Being in London this week has been like having your home teleported somewhere else: You look around and everything is the same, but isn’t. The air is like Florida’s, hot and heavy to touch, the haze like a postcard of Los Angeles. My son went to school this morning in shorts, a vest, and a baseball cap that he turned backwards, as if he were actually in America. A mosquito buzzed in my ear as I sat in my darkened living room, the curtains drawn tight to keep the sun out. We don’t have air-conditioning in England, you see.

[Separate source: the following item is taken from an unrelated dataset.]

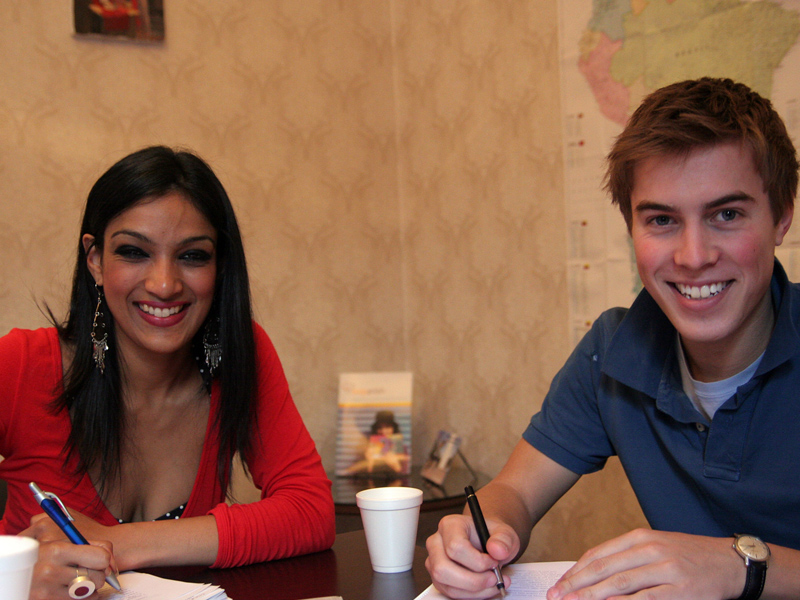 Sprachkurs in Chile mit motivierten Teilnehmenden im Unterricht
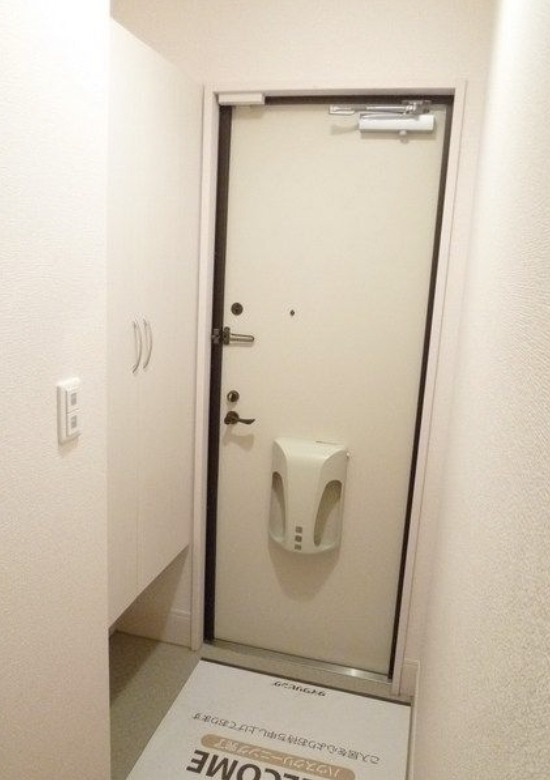 マミハイムの玄関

That is the kind of thing people have in other countries, where the weather is extreme, where you go indoors to escape the heat—and where there are mosquitoes.

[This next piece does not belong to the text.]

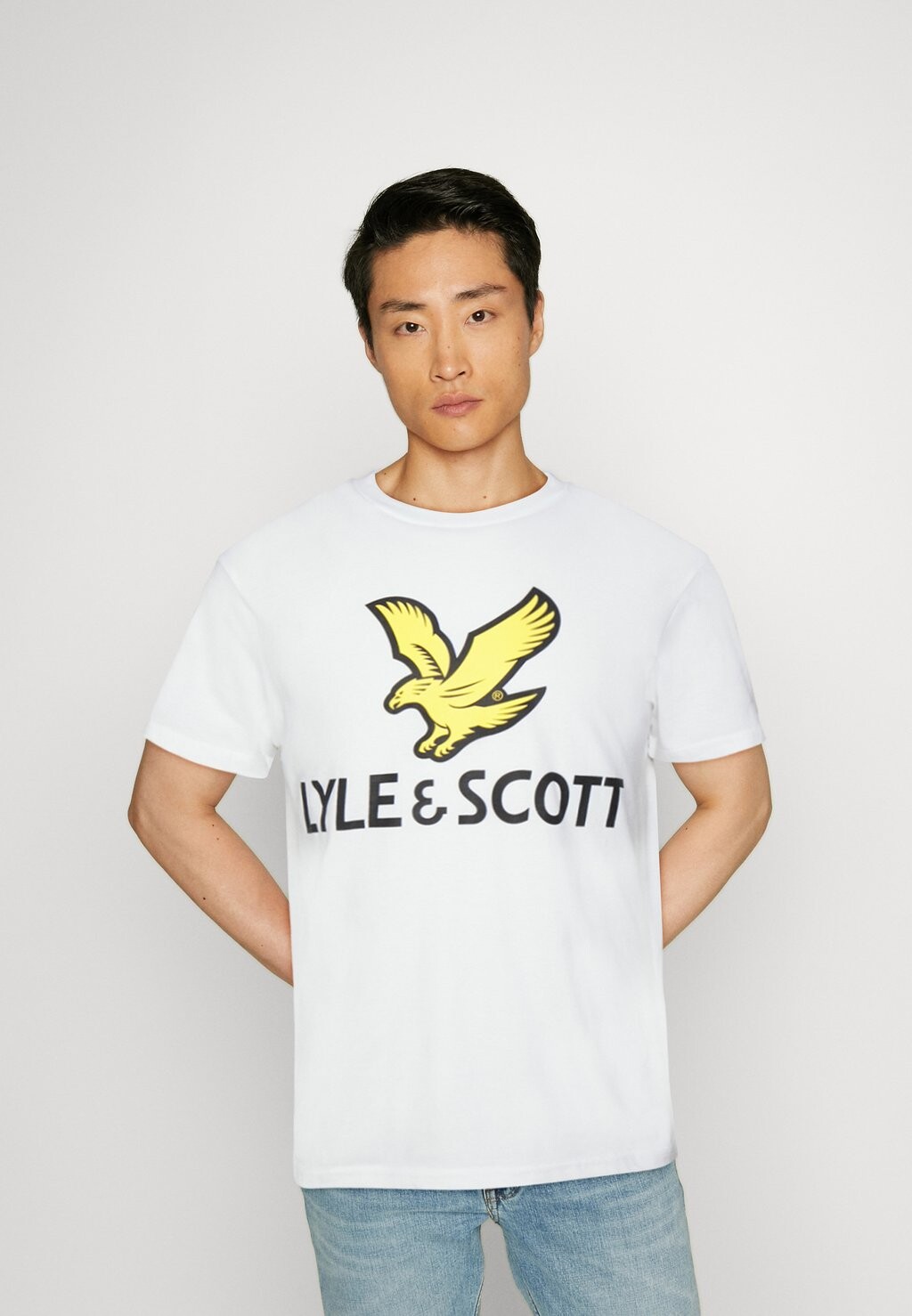 

Футболка с принтом Lyle & Scott, белый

I just wrote an email to my friend Adam Roberts, who, like almost everyone in southern England and Western Europe, has been having a rough go of it:
Two years ago, when we had the Big Freeze here in Texas — three days without power, 35º F in most of the house, some warmth generated in one room only and by a rapidly diminishing supply of firewood (a friend eventually brought some over in his pickup) — the people responsible for the power generating stations said that their equipment wasn't prepared for that kind of cold, and why should it have been, it was a freakish thing, once in a lifetime, etc. To which more reasonable people replied that that excuse works only once at most. From now on, they said, given the swings of temperature that we'll surely be seeing, the Texas power grid will need to prepare for cold the way it prepares for heat.
It seems to me that the opposite may need to happen in northern Europe: an infrastructure preparing for heat the way it prepares for cold. And a mild-weathered place like Britain might need to invest in better preparation for both ends of the thermometer.
Fortunately, your nation and my state are blessed with exceptionally competent governments — they really know how to Level Up!!